To generate our final responses, we have taken advantage of Amazon’s recently publicly available Bedrock service, a serverless option providing access to a range of cutting-edge foundation models, accessible through a single API for simplistic integration into GenAI based applications. Our choice of model, Antropic’s Claude is highly regarded in key GenAI tasks such as text generation and summarisation but centred around helpfulness, honesty, and harmlessness. The synergy of this approach along with our goals along with concerns for balancing security, privacy concerns, implementation complexity, whilst keeping the cost of our experiment manageable are all factors leading to our choice of model and overall architecture. Specifically, we have chosen to use Claude Instant V1 which allows higher throughput to cater to more users quickly, as we found results suitably compatible with the recently released Claude 2.

Internally we experimented with various prompting styles and nuances adhering to Claude's conversational style before landing on a good balance of instructions (role assignment prefacing, chain of thought style examples etc.). We were careful not over instruct as we found this provided us with best results, particularly when controlling the format of the reply when attempting to correctly augment our prompt with our relevant retrieved data. The concluding step is simply to clean and tidy the response from the LLM API citing the original document material originally passed. And success! After some front-end magic, we have smartly answered queries with nicely cited SZ published articles for additional reading! See the user experience in Figure 3.

As is often common in RAG systems there is no one size fits all approach to tuning hyperparameters considering the logistical limitations of deploying such a system and the variety of possible inputs. Iteration and experimentation are always important to gauge how any RAG system is performing. Additionally, early exposure to internal stakeholders provided valuable feedback in tweaking our final parameters and configurations. One example for a critical decision we settled on was using a modest LLM temperature (0.25) to function as a deterrent to hallucinations whilst allowing for some variety in returned results. Specifically in the context of our use case, the temporal aspect of news is critical as well. The recency weight is a tricky hyperparameter to best provision for a range of query topics (sports stories often benefit from higher focus on recency, extended news topics require less focus etc.).

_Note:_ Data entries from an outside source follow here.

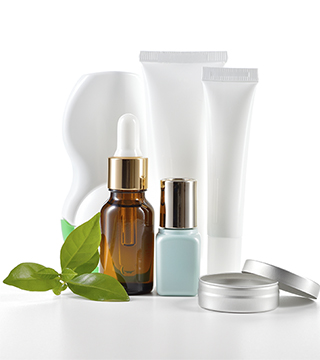 INIKA Organic's Eco-Friendly & Sustainable Beauty Is Supermodel-Approved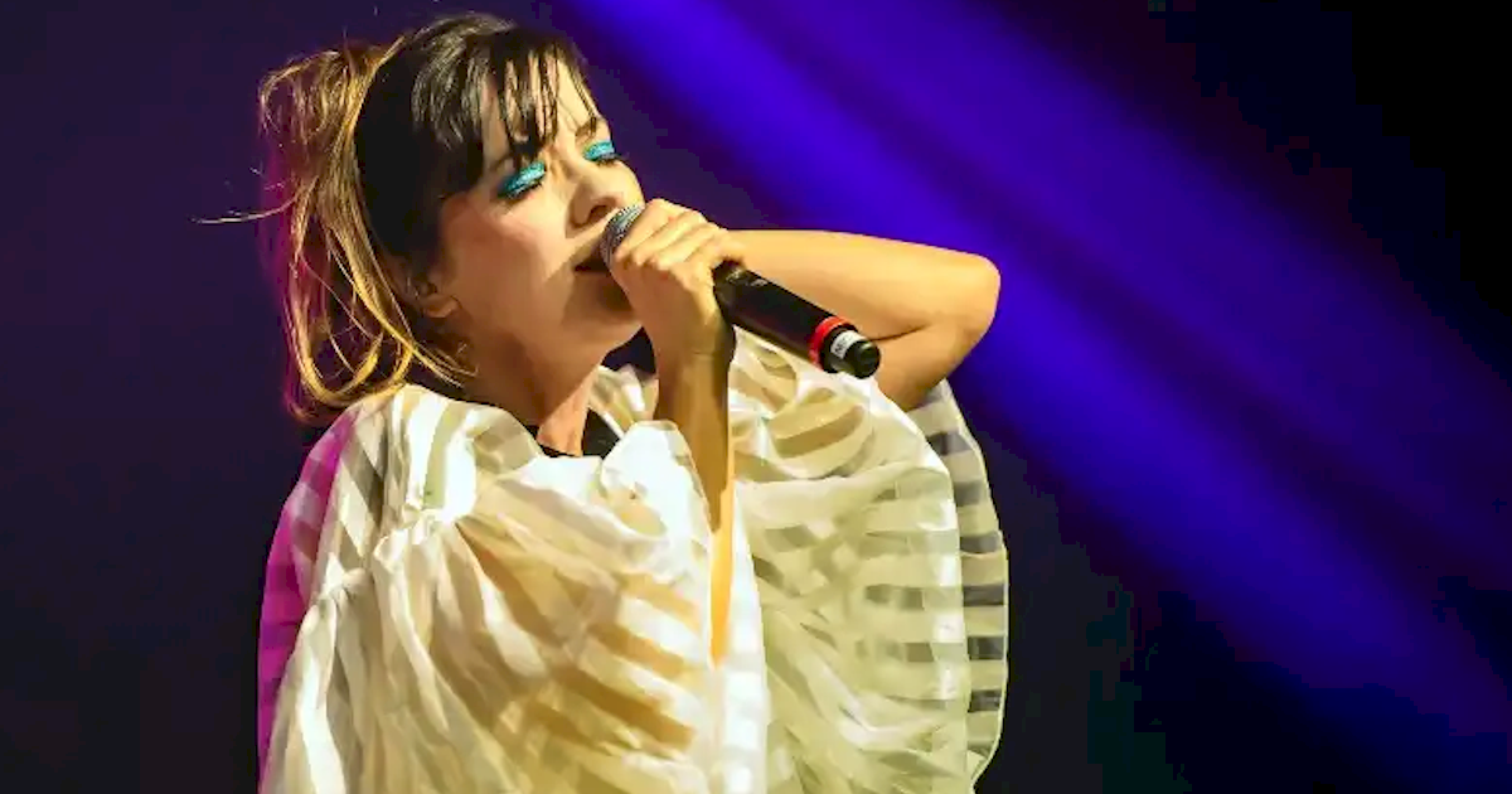 Érika Martns celebra 25 anos do álbum de estreia da Penélope em São Paulo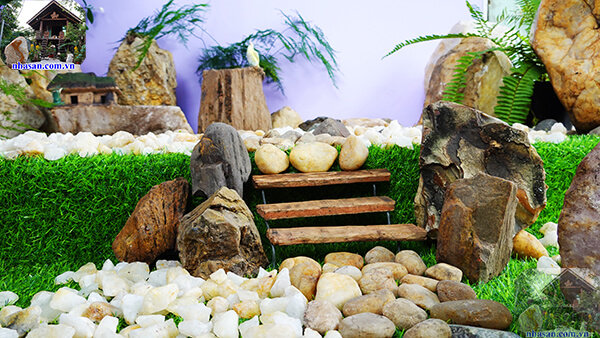 Bày trí bằng gỗ hóa thạch nghìn năm tuổi Bày trí bằng gỗ hóa thạch nghìn năm tuổi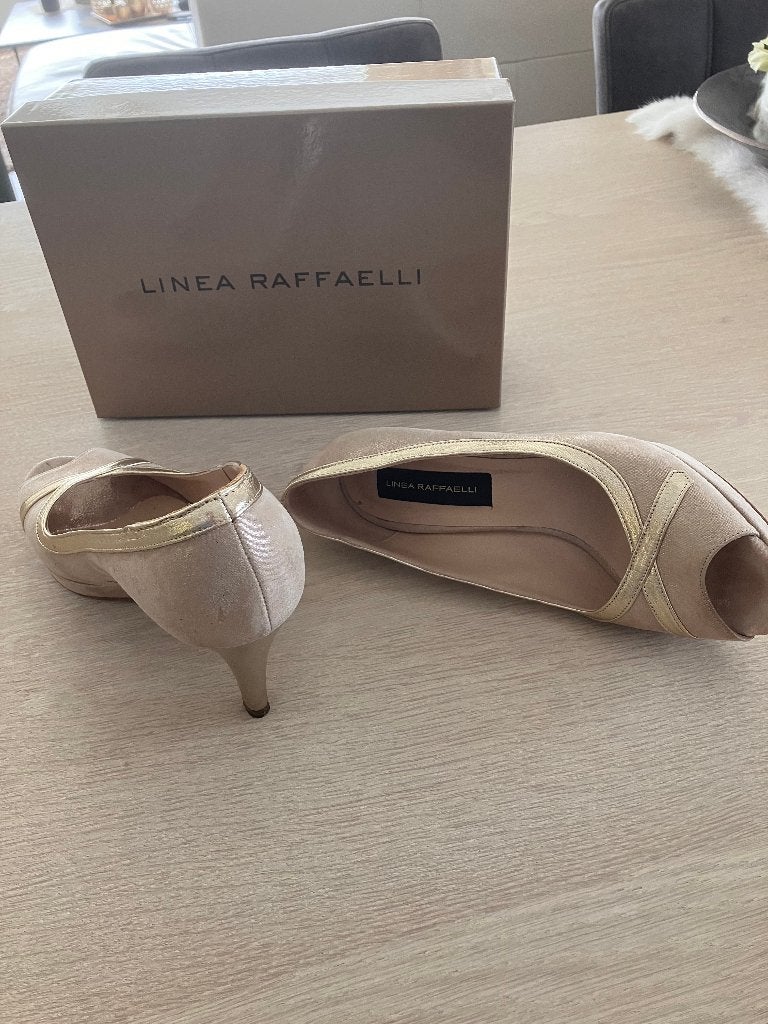 Dames schoenen, Kleding | Dames, Schoenen, Ophalen, Linea raffaelli, Beige, Zo goed als nieuw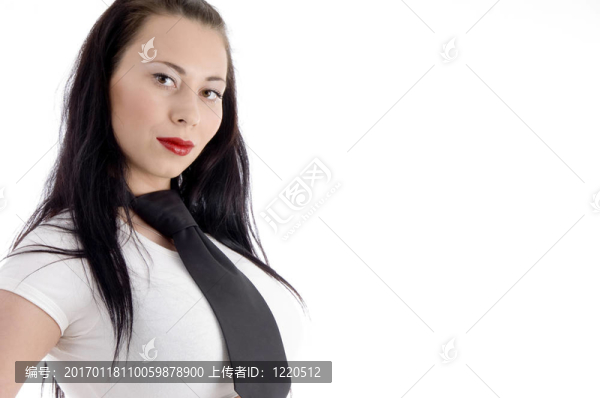 穿時髦領(lǐng)帶的年輕女子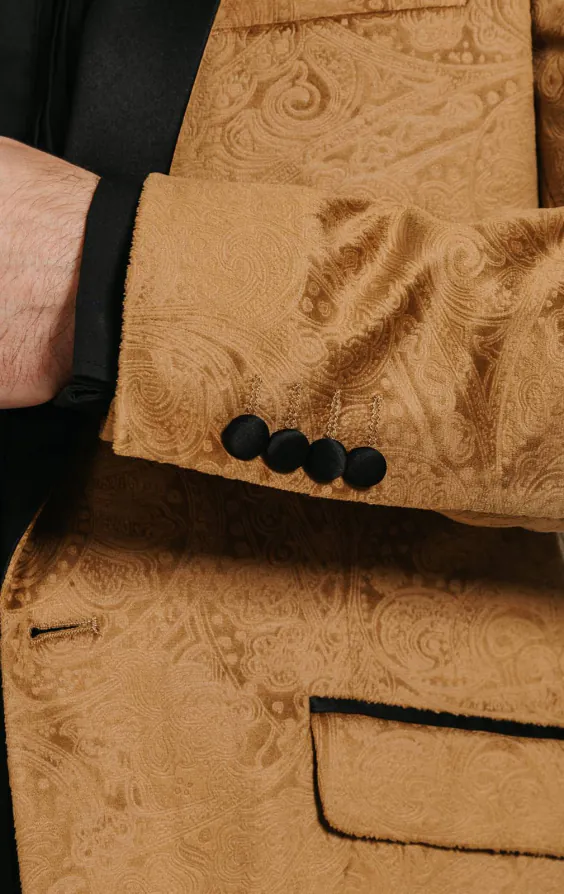 Gold Paisley Velvet Tuxedo Jacket - photo 2 Gold Paisley Velvet Tuxedo Jacket - photo 2
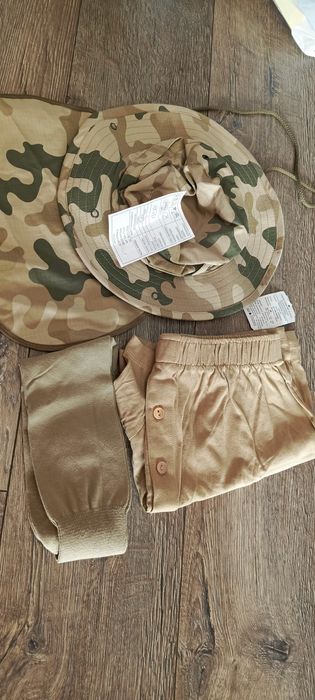 Kapelusz bokserki skarpetki pustynne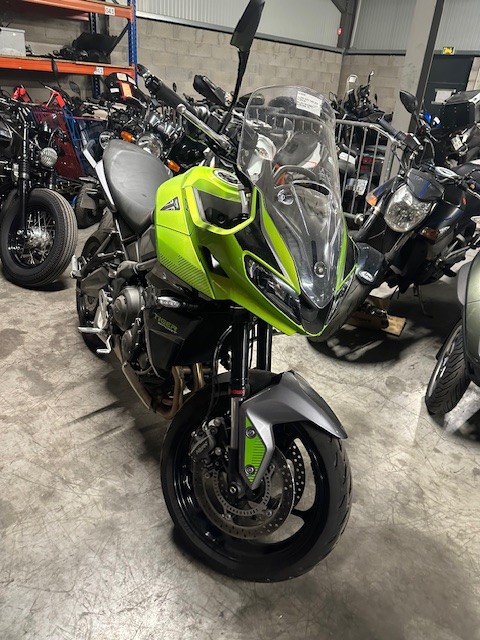 moto accidentée TRIUMPHTIGER SPORT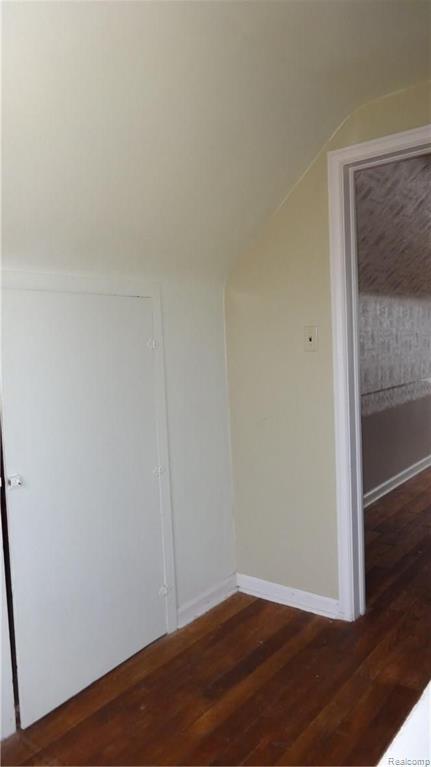 24919 Calvin Street Dearborn, MI 48124 - Photo 21 of 32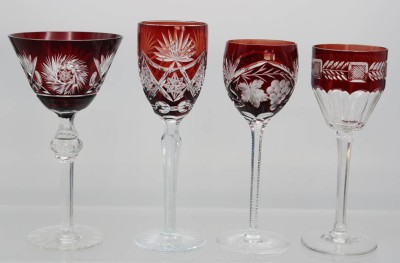 Auktion 357<br>4x div. rubinrote Weinrömer mit Schliff, H-max 22 cm [1]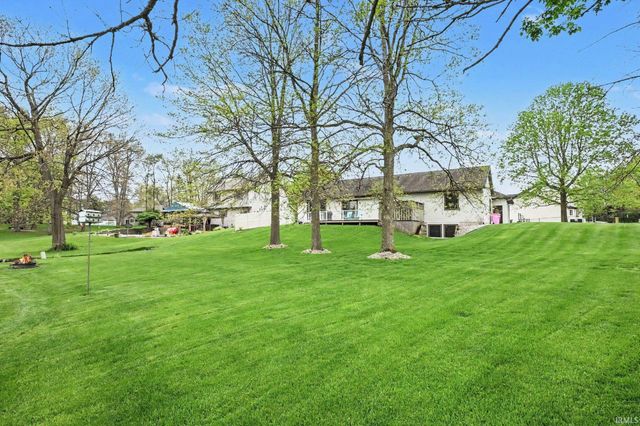 3250 N Ashford Court, Warsaw, IN 46582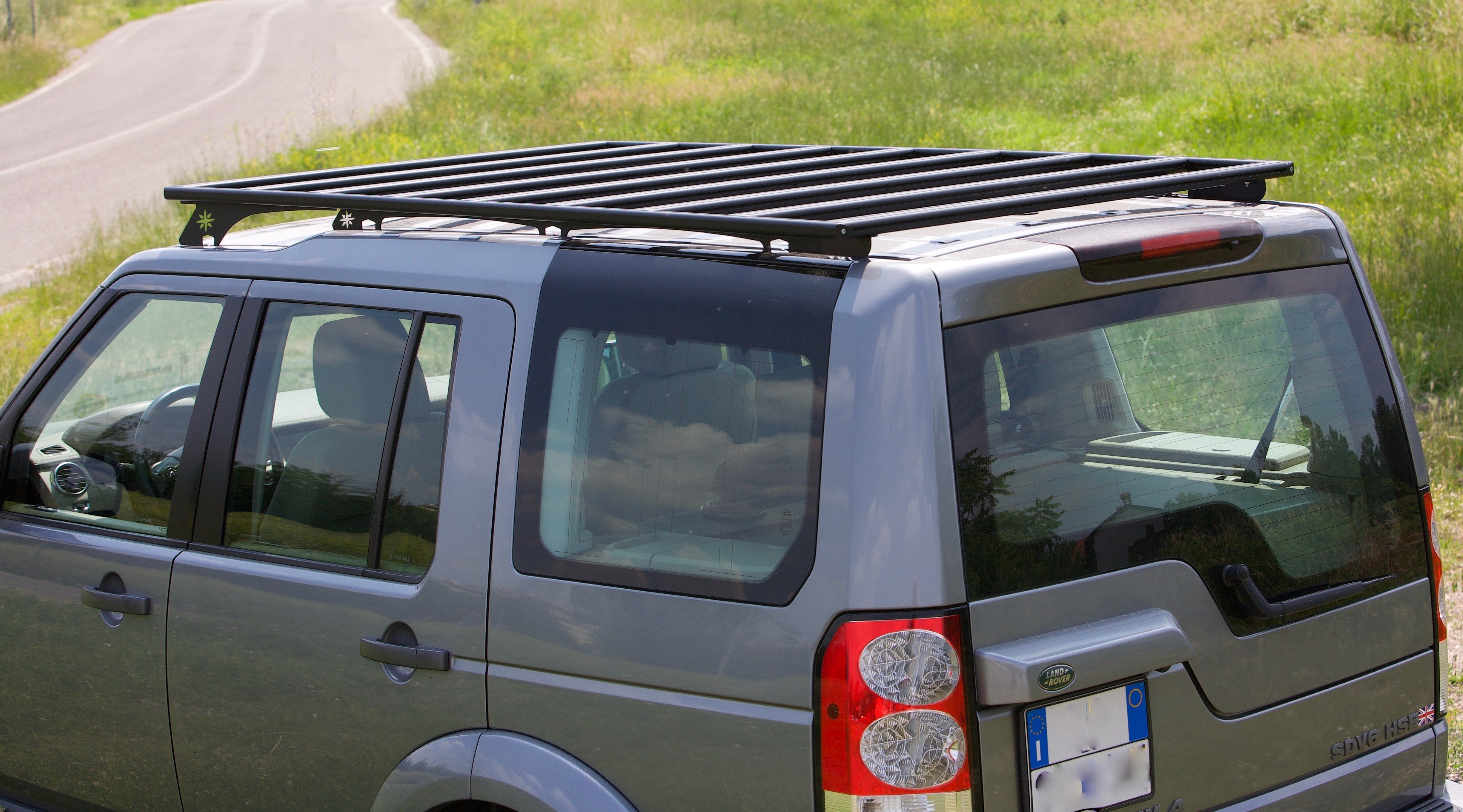 Land Rover Passion presenta il nuovo portapacchi Out-Rack per tutti i 4×4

We found an evenly weighted recency re-ranking in our haystack pipeline combined with a reduced selection of only the 3 top documents worked best for project facets such as answer clarity, cost management and user experience.

**Figure 3:** Subscriber journey from question input as either a custom input or selected example (step 1), request is sent to API to trigger pipeline to generate RAG answer (step 2), to the final step where formatted LLM response is displayed in place of the original input complete with in-text references and matching article teasers below (step 3).

Takeaways and looking to the future

By augmenting subscriber queries with our published article knowledge base, formed from approximately a quarter of a million article extracts, along with easy integration of powerful GenAI tools with Amazon’s Bedrock, we have been able to deliver a special review of the year to our subscribers. We aimed to deliver insightful and factual answers to questions whilst highlighting some of the best reporting and stories SZ has to offer. For the future? Given the continuous influx of novel approaches to solutions in this space, we will continue to monitor and evaluate user feedback as a gauge of how such services could shape, enhance and personalise how our subscribers can engage with our product. Already we have some valuable feedback (see example in Figure 4) from user research data-driven analyses of our RAG systems impact. Watch this space.